Please consider providing a means of easily testing your tool, e.g., via online access or via a virtual machine hosted on SHARE. You can find here a brief workflow description for preparing a virtual machine in SHARE.

bx via graph transformations

  • eMoflon: A meta-CASE tool for metamodelling, unidirectional model transformation via programmed graph transformations, and bidirectional model transformation via triple graph grammars.
  • MoTE: An incremental bi-directional model transformation tool based on Triple Graph Grammars.

bx via bidirectionalization

  • (Combining) Syntactic and Semantic Bidirectionalization (after ICFP’07 paper: "Bidirectionalization transformation based on automatic derivation of view complement functions", POPL'09 paper: "Bidirectionalization for free!", and ICFP'10 paper: "Combining syntactic and semantic bidirectionalization")

bx via combinators

  • BiGUL: A minimalist putback-based bidirectional programming language embedded in Haskell.
  • BiYacc: Unifying parsing and "reflective" printing. A tool designed to ease the work of writing parsers and printers.

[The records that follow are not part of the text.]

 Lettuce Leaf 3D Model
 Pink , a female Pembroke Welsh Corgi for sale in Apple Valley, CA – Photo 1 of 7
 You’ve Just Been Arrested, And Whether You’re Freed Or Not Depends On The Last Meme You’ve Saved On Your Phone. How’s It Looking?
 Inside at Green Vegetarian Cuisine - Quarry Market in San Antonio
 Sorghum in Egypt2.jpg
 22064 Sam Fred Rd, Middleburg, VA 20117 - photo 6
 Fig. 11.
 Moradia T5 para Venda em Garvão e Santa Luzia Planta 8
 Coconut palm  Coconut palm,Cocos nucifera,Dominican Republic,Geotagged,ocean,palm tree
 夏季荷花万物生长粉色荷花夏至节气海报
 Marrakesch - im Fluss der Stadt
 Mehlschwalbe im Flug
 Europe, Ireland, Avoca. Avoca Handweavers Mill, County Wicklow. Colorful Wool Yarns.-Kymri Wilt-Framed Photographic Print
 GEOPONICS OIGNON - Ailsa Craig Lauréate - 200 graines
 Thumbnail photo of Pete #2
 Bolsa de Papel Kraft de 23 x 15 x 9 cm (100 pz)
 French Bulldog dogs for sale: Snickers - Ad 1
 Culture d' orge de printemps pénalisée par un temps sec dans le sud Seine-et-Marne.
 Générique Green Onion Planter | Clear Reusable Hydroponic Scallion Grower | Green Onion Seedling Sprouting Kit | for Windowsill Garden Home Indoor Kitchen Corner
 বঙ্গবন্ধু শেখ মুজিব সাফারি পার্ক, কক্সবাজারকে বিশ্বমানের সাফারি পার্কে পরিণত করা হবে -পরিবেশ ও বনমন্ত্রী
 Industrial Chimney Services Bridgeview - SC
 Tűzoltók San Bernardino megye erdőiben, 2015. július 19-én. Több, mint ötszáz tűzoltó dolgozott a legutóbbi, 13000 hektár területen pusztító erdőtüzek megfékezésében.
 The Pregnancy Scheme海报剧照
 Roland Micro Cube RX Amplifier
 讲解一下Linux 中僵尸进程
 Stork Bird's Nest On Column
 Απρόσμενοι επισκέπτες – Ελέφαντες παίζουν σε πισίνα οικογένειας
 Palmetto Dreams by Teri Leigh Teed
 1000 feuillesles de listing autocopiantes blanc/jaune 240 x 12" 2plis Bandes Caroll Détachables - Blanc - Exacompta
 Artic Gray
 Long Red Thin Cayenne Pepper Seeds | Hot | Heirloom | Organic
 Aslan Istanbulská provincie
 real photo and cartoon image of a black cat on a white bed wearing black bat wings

bx via delta / update propagations

  • Beanbag: A language for fixing inconsistency automatically

bx via model finding / constraint solving

  • Echo is a tool for model repair and transformation based on the Alloy model finder, with support for bidirectional model transformations. It is able to both check and recover, through minimal updates, both intra- and inter-model consistency, and is built over the Eclipse Modeling Framework (EMF). Echo is meta-model independent, being able to process any meta-model specified in ECore and its respective instances in XMI. Additional constraints, as well as operations, are specified by embedding OCL in annotations, as prescribed by EMF. Inter-model consistency is specified by the QVT Relations (QVT-R) transformation language.
  • JTL: Janus Transformation Language (JTL) is a model transformation language specifically tailored to support bidirectionality and change propagation. Its relational semantics relies on Answer Set Programming (ASP): given a change to one source, JTL uses the DLV constraint solver to find a consistent choice for the other source. In particular, when the transformation in non-deterministic, and there might be multiple choices, the JTL model transformation engine restores consistency by returning all admissible models.